- RECORDED INFORMATION:
= = = = =

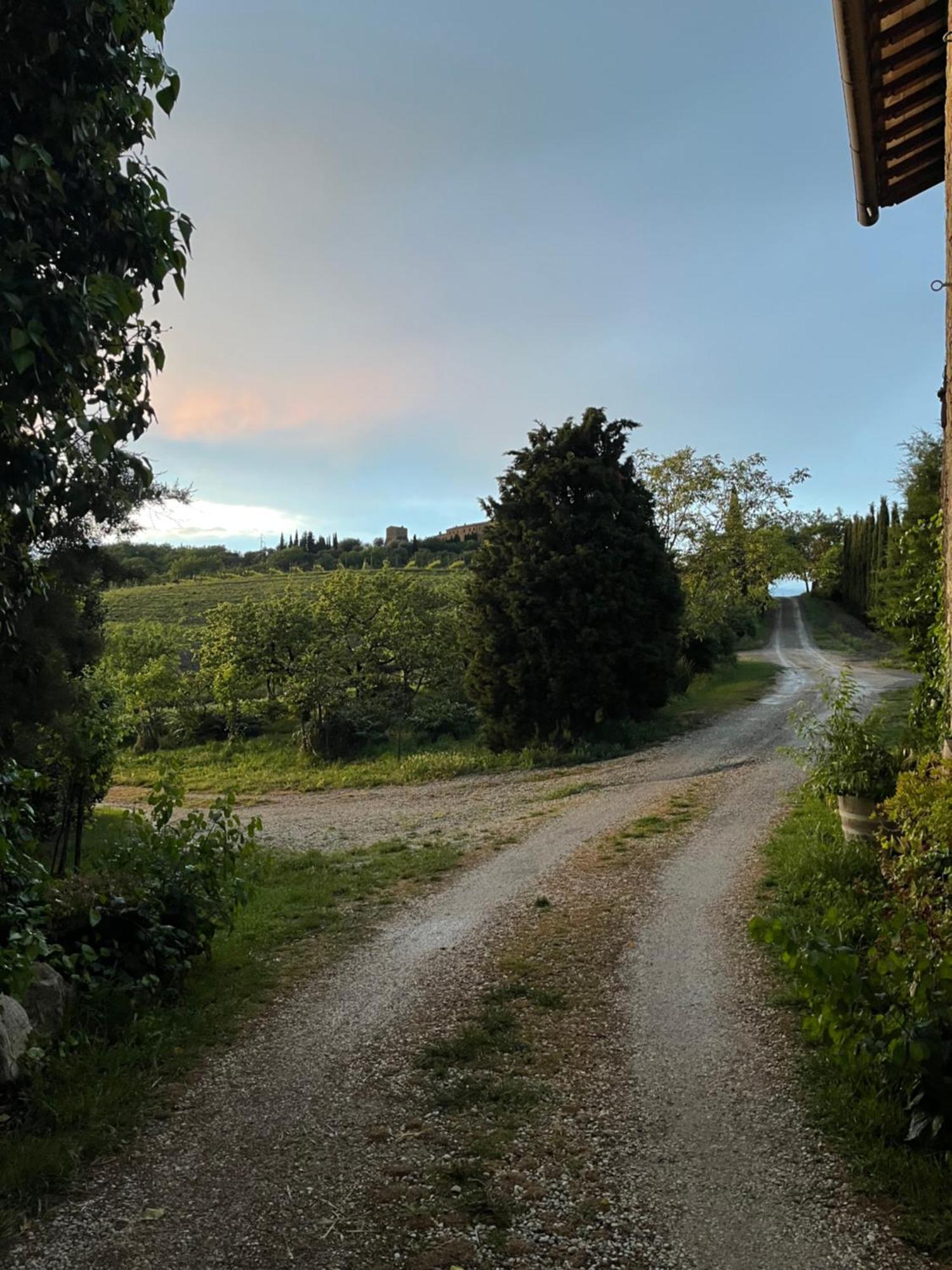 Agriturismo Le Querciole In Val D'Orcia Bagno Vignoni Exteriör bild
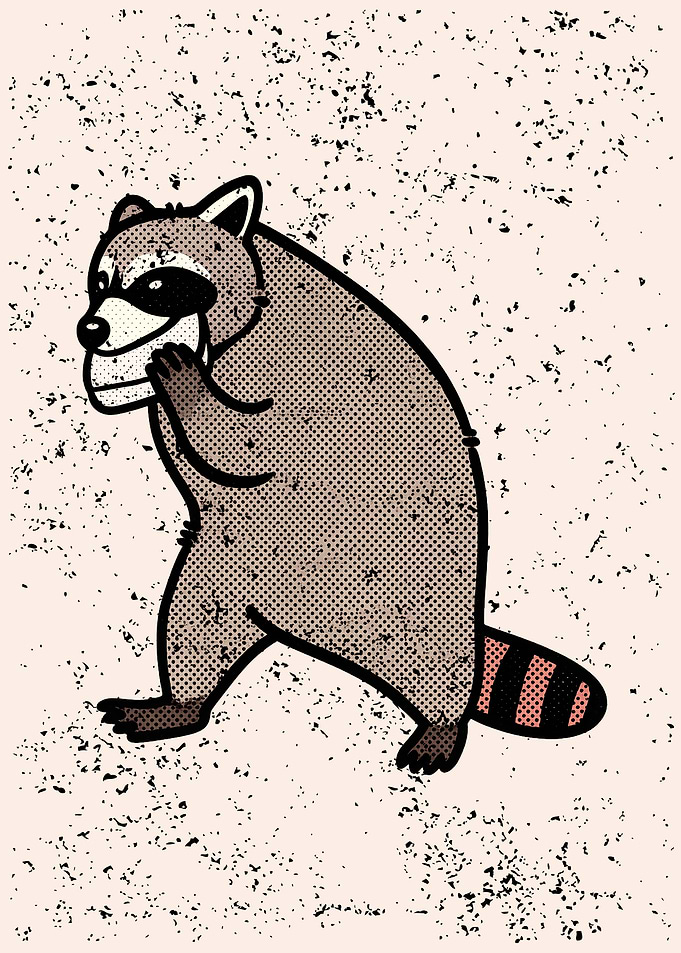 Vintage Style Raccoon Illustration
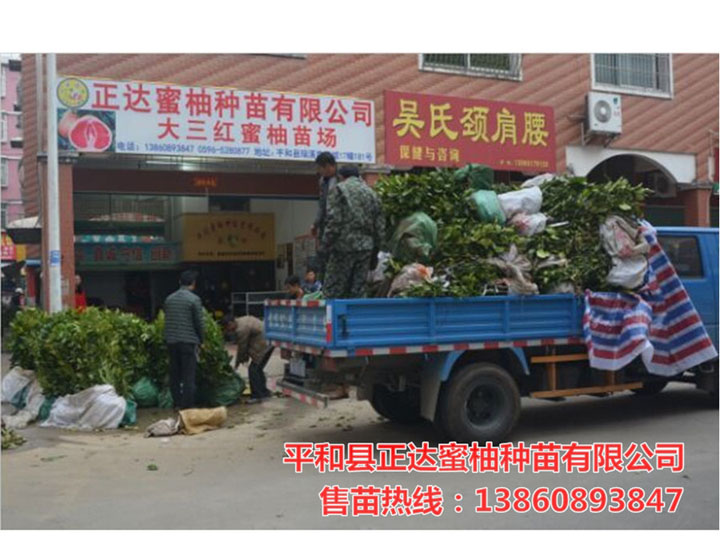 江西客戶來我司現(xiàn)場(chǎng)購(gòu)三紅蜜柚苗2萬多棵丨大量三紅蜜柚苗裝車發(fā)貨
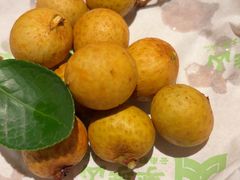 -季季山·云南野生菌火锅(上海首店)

= = = = =

- REQUIRED WORK: Going from the line with "江西客戶來我司現(xiàn)" to the last line of the listing, write out each line exactly and nothing else. Leave out all pictures.

- SOLUTION TO THE EXERCISE:
 江西客戶來我司現(xiàn)場(chǎng)購(gòu)三紅蜜柚苗2萬多棵丨大量三紅蜜柚苗裝車發(fā)貨
 -季季山·云南野生菌火锅(上海首店)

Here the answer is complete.